A class action lawsuit claims PetSmart left pet groomers on the hook for unenforceable debt for mandatory classes and training.
The July 28 lawsuit was filed in California court by a former PetSmart groomer and claims that the national chain’s training repayment agreement provision broke state laws and used debt to stop employees from seeking better working conditions, pay or other jobs. The class action was brought by Denver nonprofit firm Towards Justice, Jubilee Legal and has support from the Student Borrower Protection Center.
While the case relies on California law, the lawsuit calls into question an increasingly common employment law trend.
BreAnn Scally worked as a bather and groomer at a PetSmart salon in Salinas, California from February through September 2021. According to the suit, Scally wanted to pursue a career in animal rescue and thought becoming a groomer at the store could help her. To be promoted to grooming pets, employees must go through PetSmart’s Grooming Academy program which the company’s site adversities as a “FREE paid training valued at $6,000.” The company advertises the program as a way for people to “glow up” their careers and says the program consists of 800 hours with 200 different dogs.
Under the impression that the course was free, Scally enrolled. As the lawsuit points out, Grooming Academy is not an independently accredited program.
Before enrolling, Scally signed PetSmart’s training repayment agreement provision, which required her to pay PetSmart $5,500 if she was fired or quit before April 2023 or two years after she started the program.
According to the complaint, Scally’s salon manager was her Grooming Academy trainer.

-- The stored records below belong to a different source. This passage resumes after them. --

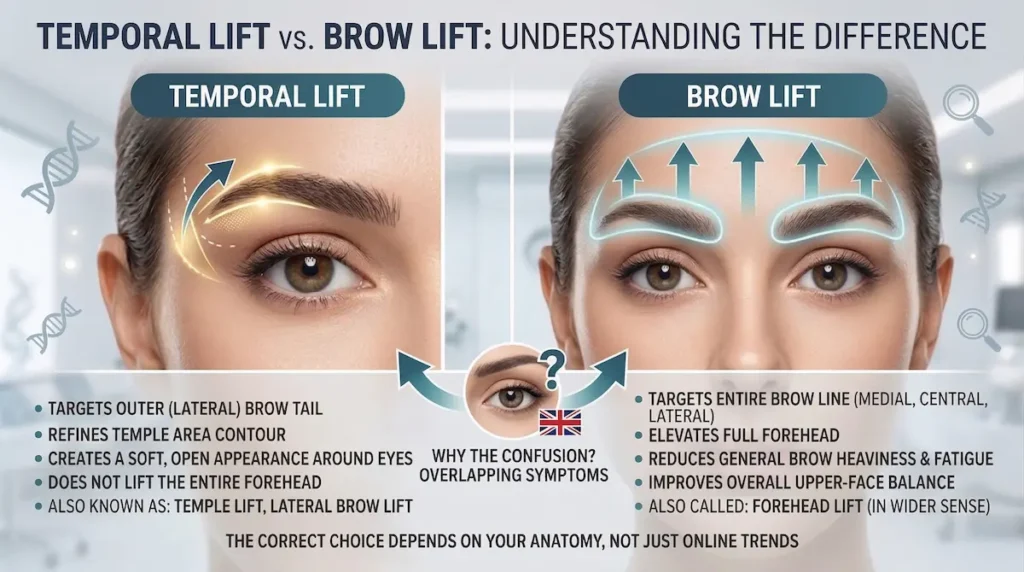 Temporal lift vs brow lift infographic comparing lateral brow tail lift, full brow elevation, and overlapping upper-face symptoms.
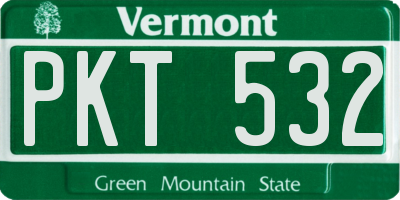 VT license plate PKT532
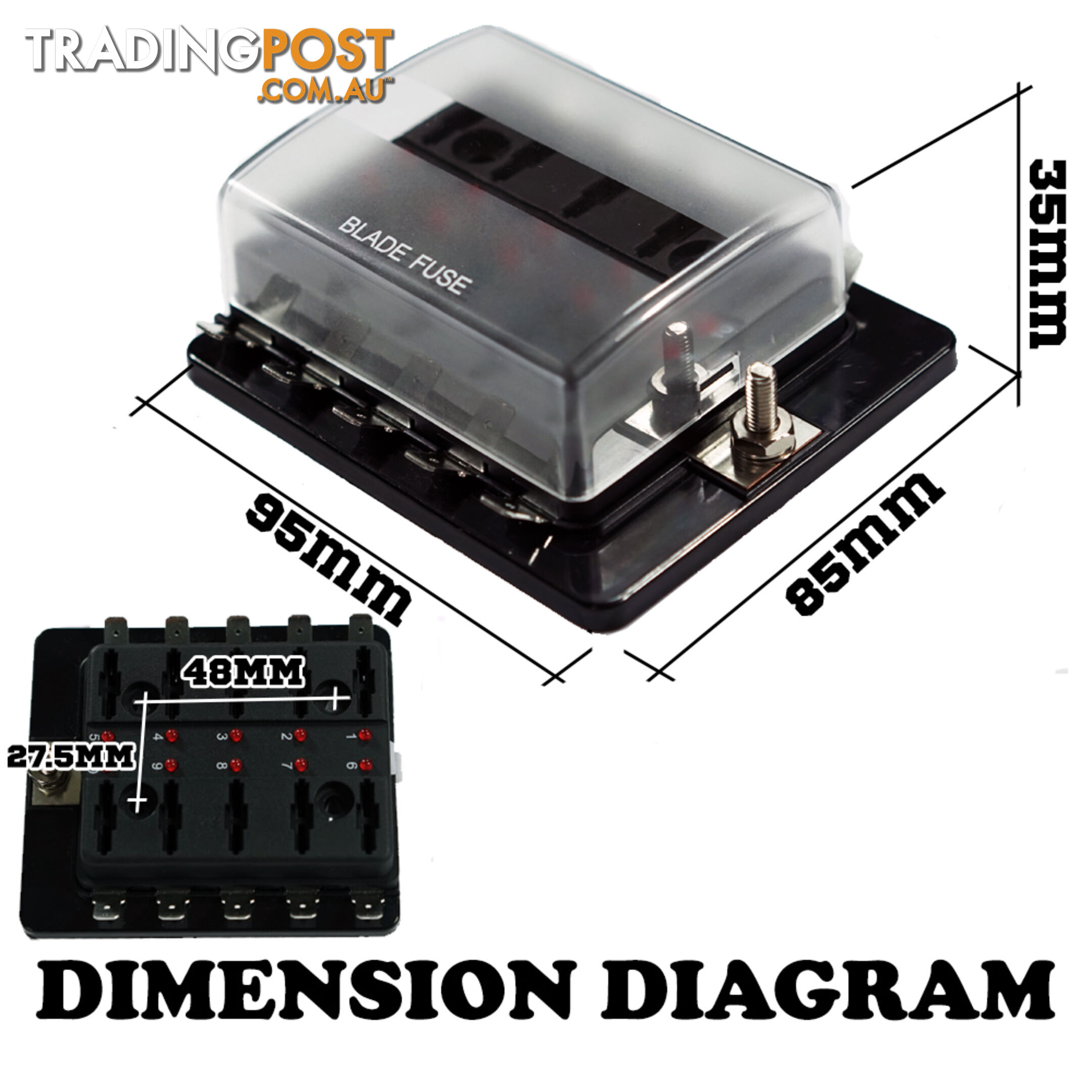 ATO 10 Way Blade Fuse Holder Box LED Light 12-32V Circuit Caravan Truck Car 4X4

The manager was also responsible for running the salon, grooming pets, supervising other groomers and employers and training Scally. The complaint alleges that during the three-week program, Scally was left mostly on her own to learn and practice grooming dogs while being paid slightly over minimum wage. The program’s advertised hours, supervision and instruction didn’t happen at Scally’s salon, according to the lawsuit.
Scally started to rethink employment at PetSmart, according to the lawsuit, after struggling to cover her bills and experiencing stress in the fast-paced office. Her manager reminded Scally about the training repayment agreement provision, according to the complaint, but said she didn’t think PetSmart would collect if she stayed at the job long enough to cover her training costs as a groomer in training, making just over minimum wage while grooming dogs at a slightly discounted rate. Scally said she began to track how many dogs she saw and once she was confident she’d made PetSmart enough money, she quit.
Scally said she didn’t hear anything about the training repayment agreement provision until January 2022 when a collection for $5,500 appeared on her credit report. The debt collector, IC System, explained it was collecting on behalf of PetSmart for the Grooming Academy debt repayment. According to the complaint, Scally’s credit score dipped and she was unable to sign an apartment lease. She also held off on plans to pursue a veterinary assistant degree or seek other loans.
Scally argues that PetSmart broke state employment laws, laws around running an unapproved post-secondary education institute, consumer protection laws, false advertising protections and debt collection laws.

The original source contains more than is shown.